The Coaching Process


Your relationship with your boss may have more to do with your success and advancement in your career than just about any other factor. Whether you are in a new job or a remote job, or you have been in your position for months, knowing how to coach your boss will improve your career and your life.

The process of coaching is simple: You check your ego at the door, and you work out what is best. Coaching up is just a process of working with your boss to obtain the best possible results for your boss, your organization, and you. You do this by honoring and respecting each other’s ideas and intelligence through dialogue and brainstorming, without pushing a personal agenda, instructing, or demanding that others see things your way.
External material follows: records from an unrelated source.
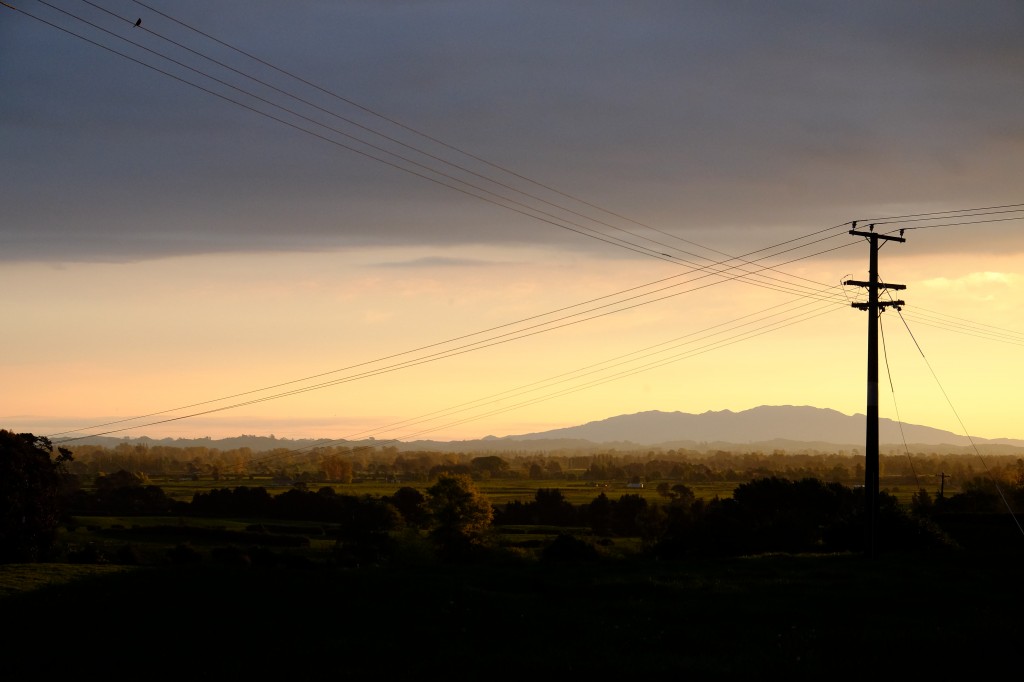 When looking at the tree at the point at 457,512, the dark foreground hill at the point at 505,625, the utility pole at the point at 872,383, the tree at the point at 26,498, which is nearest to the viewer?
the dark foreground hill at the point at 505,625

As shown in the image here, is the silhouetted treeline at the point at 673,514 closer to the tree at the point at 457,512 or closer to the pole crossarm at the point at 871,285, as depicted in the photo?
the tree at the point at 457,512

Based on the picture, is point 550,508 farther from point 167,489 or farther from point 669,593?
point 669,593

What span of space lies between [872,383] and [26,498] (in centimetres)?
5733

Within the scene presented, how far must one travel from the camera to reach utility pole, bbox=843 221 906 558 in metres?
44.1

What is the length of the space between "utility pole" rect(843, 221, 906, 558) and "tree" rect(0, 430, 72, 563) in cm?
5578

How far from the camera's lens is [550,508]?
431ft

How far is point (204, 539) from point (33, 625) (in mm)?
69516

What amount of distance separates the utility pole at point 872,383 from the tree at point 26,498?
55.8 m

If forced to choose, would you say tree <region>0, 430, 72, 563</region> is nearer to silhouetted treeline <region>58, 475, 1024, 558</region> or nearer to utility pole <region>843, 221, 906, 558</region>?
silhouetted treeline <region>58, 475, 1024, 558</region>

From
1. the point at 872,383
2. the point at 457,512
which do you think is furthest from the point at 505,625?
the point at 457,512

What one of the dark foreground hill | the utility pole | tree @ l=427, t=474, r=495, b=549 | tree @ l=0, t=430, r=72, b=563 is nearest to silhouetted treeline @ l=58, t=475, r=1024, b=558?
tree @ l=427, t=474, r=495, b=549

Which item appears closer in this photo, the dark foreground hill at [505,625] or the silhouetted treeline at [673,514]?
the dark foreground hill at [505,625]

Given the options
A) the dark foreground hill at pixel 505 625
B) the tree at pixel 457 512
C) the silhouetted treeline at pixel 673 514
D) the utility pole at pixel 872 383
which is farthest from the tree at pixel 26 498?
the utility pole at pixel 872 383

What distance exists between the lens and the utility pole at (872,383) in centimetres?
4409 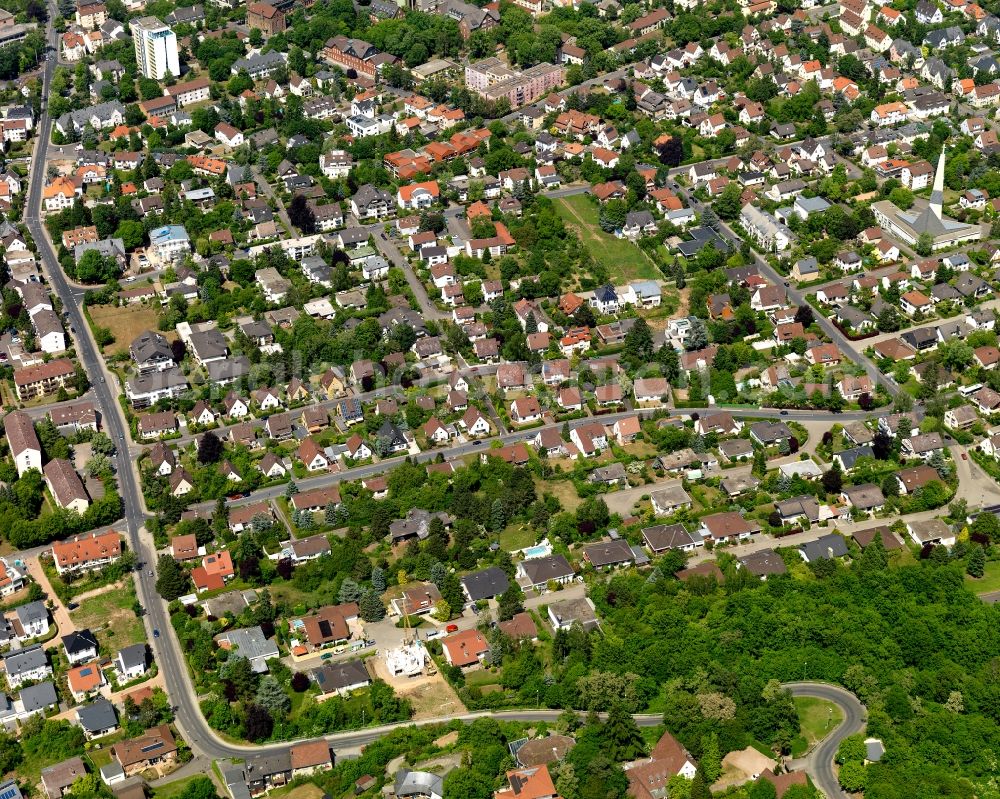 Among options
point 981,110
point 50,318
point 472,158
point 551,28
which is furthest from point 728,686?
point 551,28

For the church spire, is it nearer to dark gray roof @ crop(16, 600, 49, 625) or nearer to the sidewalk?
the sidewalk

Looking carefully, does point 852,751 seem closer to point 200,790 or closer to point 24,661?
point 200,790

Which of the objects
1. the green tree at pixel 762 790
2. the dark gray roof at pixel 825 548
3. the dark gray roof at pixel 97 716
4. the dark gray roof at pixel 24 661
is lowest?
the dark gray roof at pixel 97 716

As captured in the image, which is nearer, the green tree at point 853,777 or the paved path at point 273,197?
the green tree at point 853,777

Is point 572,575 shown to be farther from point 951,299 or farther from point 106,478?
point 951,299

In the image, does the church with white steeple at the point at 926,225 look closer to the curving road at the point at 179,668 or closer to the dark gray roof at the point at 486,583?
the curving road at the point at 179,668

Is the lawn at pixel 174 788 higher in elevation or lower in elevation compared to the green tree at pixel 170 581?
lower

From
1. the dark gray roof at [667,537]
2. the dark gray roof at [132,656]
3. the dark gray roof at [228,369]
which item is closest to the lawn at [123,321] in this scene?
the dark gray roof at [228,369] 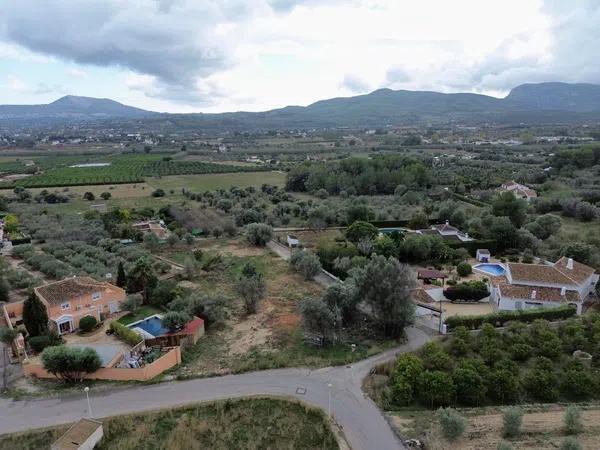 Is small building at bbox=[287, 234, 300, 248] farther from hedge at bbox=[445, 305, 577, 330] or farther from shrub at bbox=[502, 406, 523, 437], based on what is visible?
shrub at bbox=[502, 406, 523, 437]

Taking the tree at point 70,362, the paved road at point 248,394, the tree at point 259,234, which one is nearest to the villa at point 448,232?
the tree at point 259,234

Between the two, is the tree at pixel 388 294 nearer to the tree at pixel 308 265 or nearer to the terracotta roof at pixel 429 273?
the terracotta roof at pixel 429 273

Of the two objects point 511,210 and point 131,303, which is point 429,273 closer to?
point 511,210

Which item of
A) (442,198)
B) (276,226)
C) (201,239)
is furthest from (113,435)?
(442,198)

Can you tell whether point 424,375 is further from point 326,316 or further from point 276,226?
point 276,226

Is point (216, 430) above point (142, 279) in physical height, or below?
below

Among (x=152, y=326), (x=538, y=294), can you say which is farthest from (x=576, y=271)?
(x=152, y=326)

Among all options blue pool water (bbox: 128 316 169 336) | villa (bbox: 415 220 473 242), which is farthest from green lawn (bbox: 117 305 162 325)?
villa (bbox: 415 220 473 242) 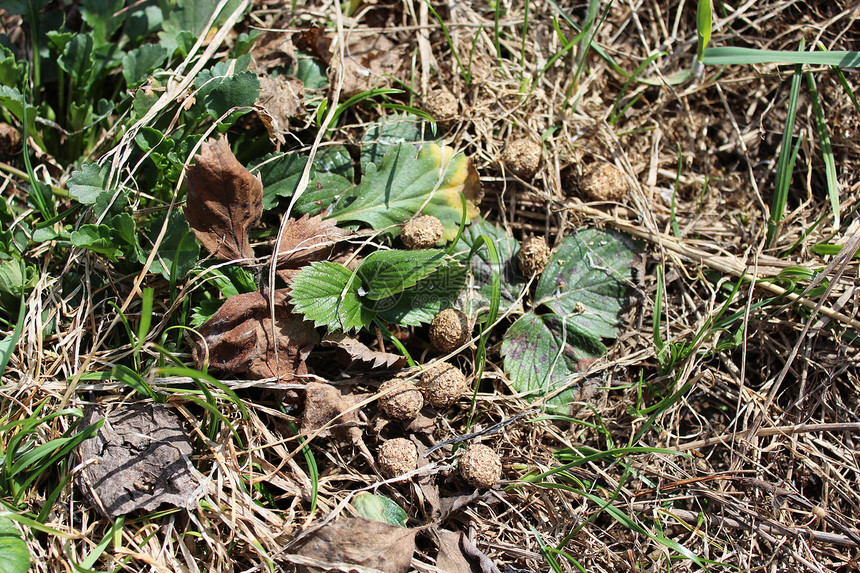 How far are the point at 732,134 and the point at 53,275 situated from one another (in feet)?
9.11

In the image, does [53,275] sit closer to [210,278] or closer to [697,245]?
[210,278]

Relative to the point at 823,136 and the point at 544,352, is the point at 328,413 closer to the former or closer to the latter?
the point at 544,352

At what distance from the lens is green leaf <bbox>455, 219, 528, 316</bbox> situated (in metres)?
2.17

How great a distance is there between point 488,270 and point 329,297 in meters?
0.61

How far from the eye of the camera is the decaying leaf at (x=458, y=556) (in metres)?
1.81

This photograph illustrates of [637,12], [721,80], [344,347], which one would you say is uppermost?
[637,12]

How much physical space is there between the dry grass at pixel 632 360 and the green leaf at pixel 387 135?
0.42 ft

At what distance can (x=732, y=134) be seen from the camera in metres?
2.57

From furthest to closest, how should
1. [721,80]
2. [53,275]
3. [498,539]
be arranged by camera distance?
[721,80] → [53,275] → [498,539]

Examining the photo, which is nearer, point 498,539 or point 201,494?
point 201,494

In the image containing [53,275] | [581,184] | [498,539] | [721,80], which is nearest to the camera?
[498,539]

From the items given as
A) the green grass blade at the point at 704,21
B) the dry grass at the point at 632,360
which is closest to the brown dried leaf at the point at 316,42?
the dry grass at the point at 632,360

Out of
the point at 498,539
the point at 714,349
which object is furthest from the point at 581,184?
the point at 498,539

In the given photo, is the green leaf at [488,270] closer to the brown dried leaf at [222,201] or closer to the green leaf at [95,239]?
the brown dried leaf at [222,201] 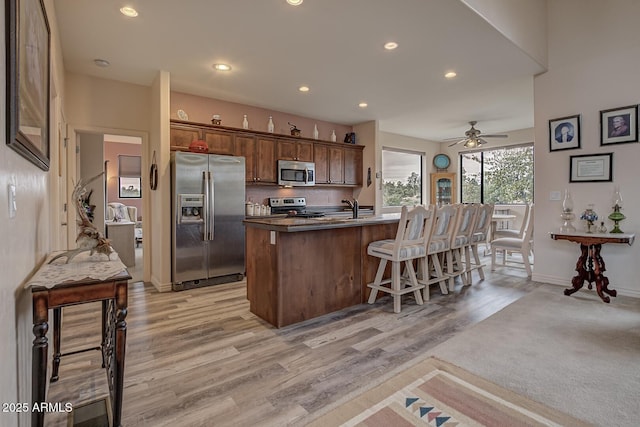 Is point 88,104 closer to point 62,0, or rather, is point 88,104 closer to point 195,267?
point 62,0

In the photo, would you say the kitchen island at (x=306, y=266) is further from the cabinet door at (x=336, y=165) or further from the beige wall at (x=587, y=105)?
the cabinet door at (x=336, y=165)

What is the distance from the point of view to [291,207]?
6.18m

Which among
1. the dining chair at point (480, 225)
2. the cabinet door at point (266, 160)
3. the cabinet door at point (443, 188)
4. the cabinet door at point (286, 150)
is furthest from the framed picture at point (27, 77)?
the cabinet door at point (443, 188)

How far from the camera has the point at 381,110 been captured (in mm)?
5988

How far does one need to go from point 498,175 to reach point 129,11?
8049 mm

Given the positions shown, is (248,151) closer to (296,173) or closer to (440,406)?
(296,173)

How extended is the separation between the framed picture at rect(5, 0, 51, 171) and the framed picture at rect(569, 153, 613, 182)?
5.16 metres

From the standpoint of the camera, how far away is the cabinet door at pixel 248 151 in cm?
518

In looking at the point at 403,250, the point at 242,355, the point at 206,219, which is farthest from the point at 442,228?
the point at 206,219

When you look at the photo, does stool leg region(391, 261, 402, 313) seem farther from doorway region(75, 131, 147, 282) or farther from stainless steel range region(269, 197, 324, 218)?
doorway region(75, 131, 147, 282)

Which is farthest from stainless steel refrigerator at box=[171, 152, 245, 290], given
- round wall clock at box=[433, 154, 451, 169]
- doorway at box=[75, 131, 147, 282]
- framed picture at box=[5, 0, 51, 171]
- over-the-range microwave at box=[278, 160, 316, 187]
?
round wall clock at box=[433, 154, 451, 169]

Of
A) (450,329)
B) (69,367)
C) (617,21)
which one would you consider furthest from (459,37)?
(69,367)

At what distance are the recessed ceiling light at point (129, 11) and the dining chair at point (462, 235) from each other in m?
3.75

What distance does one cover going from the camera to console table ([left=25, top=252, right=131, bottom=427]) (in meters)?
1.30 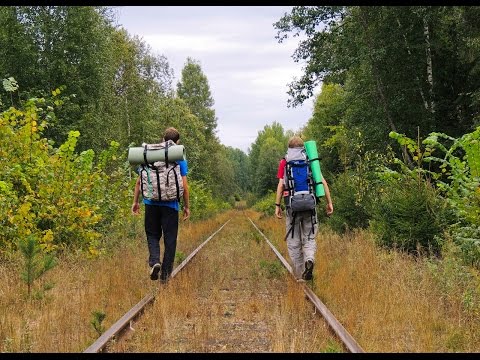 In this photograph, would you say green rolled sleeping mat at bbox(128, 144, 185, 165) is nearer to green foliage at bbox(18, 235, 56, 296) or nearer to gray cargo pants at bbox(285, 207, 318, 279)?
green foliage at bbox(18, 235, 56, 296)

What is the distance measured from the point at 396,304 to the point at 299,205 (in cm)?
206

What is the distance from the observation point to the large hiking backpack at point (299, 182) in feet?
24.9

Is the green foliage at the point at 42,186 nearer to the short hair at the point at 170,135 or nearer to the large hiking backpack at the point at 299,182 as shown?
the short hair at the point at 170,135

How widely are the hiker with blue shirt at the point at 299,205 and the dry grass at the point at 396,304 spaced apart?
1.33 feet

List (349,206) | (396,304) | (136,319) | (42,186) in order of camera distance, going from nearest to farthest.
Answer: (136,319), (396,304), (42,186), (349,206)

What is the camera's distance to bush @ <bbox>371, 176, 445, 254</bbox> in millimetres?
9320

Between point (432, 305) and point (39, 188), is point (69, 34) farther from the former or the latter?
point (432, 305)

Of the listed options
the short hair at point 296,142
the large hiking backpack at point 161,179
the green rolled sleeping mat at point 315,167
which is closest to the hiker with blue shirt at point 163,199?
the large hiking backpack at point 161,179

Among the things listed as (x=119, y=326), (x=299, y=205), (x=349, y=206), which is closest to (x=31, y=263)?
(x=119, y=326)

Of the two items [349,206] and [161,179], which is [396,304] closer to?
[161,179]

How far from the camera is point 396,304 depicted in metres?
6.09

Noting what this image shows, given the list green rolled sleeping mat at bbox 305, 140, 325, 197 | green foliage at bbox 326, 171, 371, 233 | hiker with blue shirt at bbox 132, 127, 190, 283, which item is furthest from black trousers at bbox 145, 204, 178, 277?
green foliage at bbox 326, 171, 371, 233

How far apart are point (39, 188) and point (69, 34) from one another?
19.3 metres

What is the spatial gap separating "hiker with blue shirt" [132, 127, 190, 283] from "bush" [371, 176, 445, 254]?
393 cm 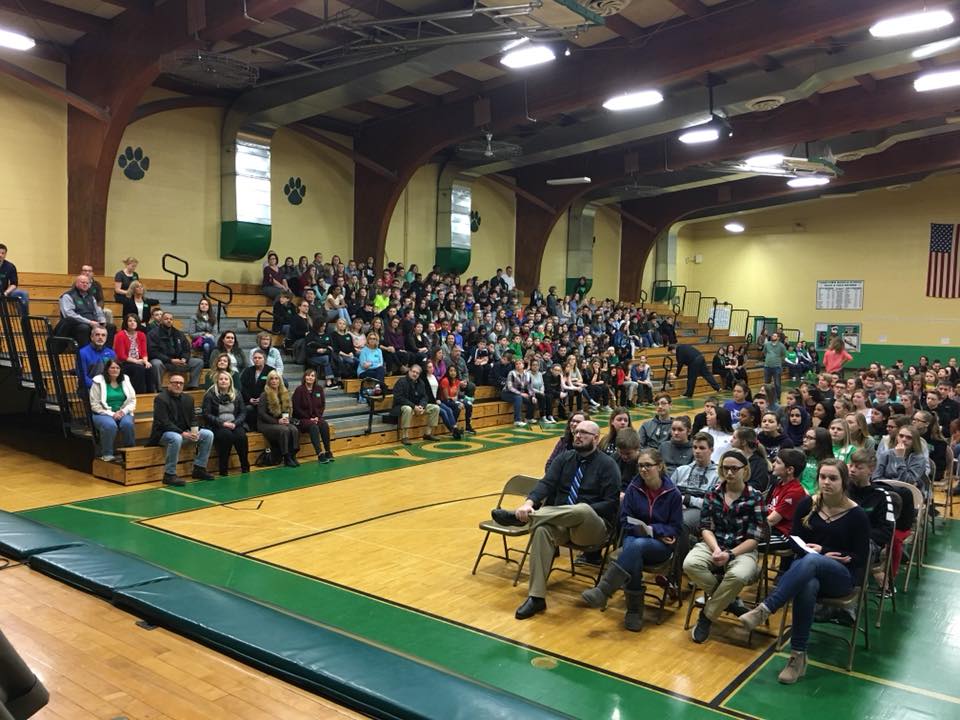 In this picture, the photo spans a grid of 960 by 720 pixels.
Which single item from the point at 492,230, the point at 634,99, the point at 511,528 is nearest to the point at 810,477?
the point at 511,528

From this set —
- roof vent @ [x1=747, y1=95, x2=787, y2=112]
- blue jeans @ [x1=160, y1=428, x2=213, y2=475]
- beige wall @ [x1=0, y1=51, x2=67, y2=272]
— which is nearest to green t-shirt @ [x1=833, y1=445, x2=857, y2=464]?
blue jeans @ [x1=160, y1=428, x2=213, y2=475]

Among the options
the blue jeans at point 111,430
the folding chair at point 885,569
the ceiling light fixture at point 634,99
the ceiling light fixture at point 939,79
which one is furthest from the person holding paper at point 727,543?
the ceiling light fixture at point 939,79

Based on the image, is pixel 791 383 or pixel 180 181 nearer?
pixel 180 181

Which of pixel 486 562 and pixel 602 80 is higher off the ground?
pixel 602 80

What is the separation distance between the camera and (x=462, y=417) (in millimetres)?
12609

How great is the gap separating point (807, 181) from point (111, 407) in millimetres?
17410

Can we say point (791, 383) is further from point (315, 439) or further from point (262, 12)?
point (262, 12)

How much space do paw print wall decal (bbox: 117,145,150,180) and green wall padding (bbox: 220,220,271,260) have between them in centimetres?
168

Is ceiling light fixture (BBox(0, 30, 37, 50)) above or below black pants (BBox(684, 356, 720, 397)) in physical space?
above

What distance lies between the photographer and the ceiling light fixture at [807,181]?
18209 millimetres

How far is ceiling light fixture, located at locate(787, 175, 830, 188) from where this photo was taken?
18209mm

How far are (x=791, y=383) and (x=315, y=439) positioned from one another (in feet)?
54.0

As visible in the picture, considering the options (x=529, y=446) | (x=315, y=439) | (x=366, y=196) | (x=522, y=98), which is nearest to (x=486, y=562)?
(x=315, y=439)

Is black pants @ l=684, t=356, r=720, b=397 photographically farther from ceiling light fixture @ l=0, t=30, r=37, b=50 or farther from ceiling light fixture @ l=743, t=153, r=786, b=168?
ceiling light fixture @ l=0, t=30, r=37, b=50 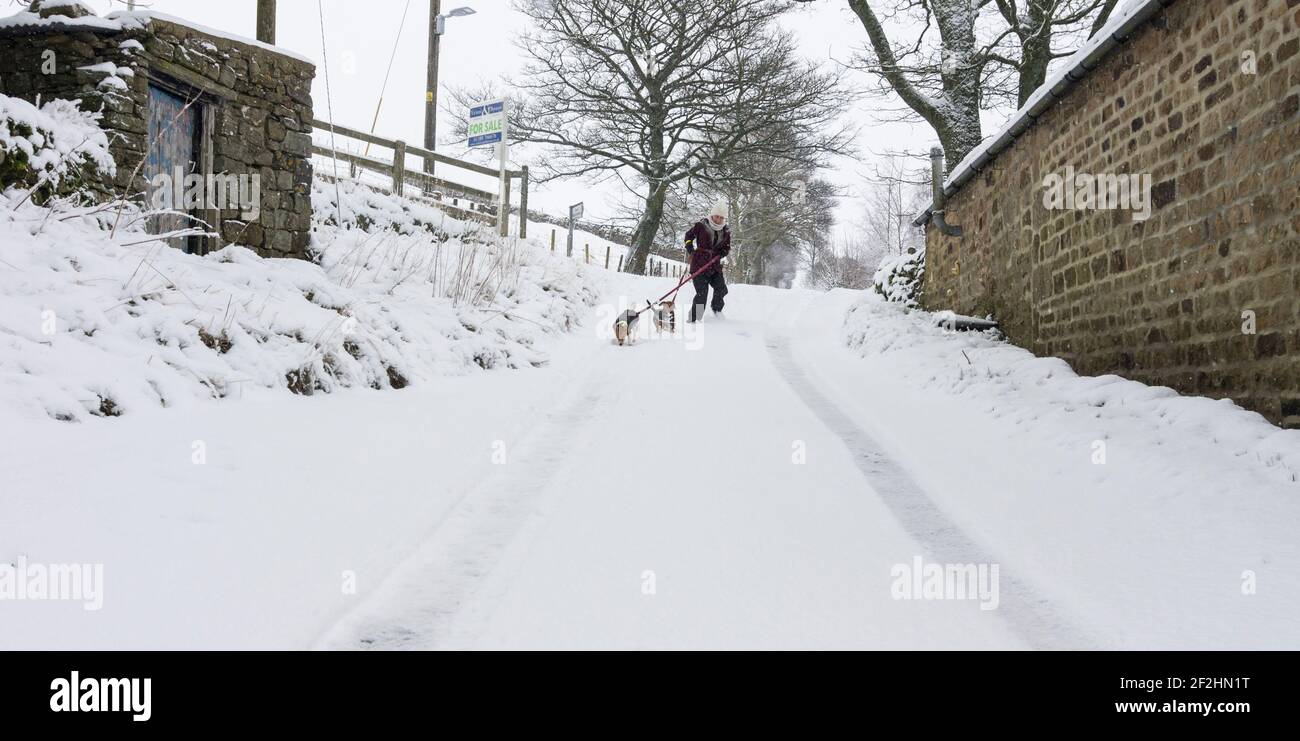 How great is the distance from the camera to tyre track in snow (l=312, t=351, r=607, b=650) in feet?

Coaching is not political maneuvering; rather, it is a deliberate effort to bring understanding and cooperation into a relationship between individuals who often have different perspectives. Think of your role as a coach (whether you’re coaching up, down, or sideways) as a process of understanding what organizations want from their people, what leaders want from their teams, and what employees want from their leaders.

As a prerequisite to developing your coaching style, while you must continue to focus on delivering results, you must also know your own motivations, values, and needs (refer to Chapter 1 for clarification). These motivations (perhaps to make a contribution, to enjoy yourself, to learn, to earn respect, to make friends, to feel trusted, to work with people you trust and admire, to be part of a team, to share your talents, and to be valued) are absent of ego and are your springboard for coaching and helping others, even your boss.

Are You—and Your Boss—Coachable?

To be able to enter into any coaching relationship, you need to be coachable yourself. Take the Coachability Quiz (Exhibit 9-1) to determine your coachability, then reread the questions with your boss in mind (better still, have your boss take the quiz, too). Then look at the scoring key.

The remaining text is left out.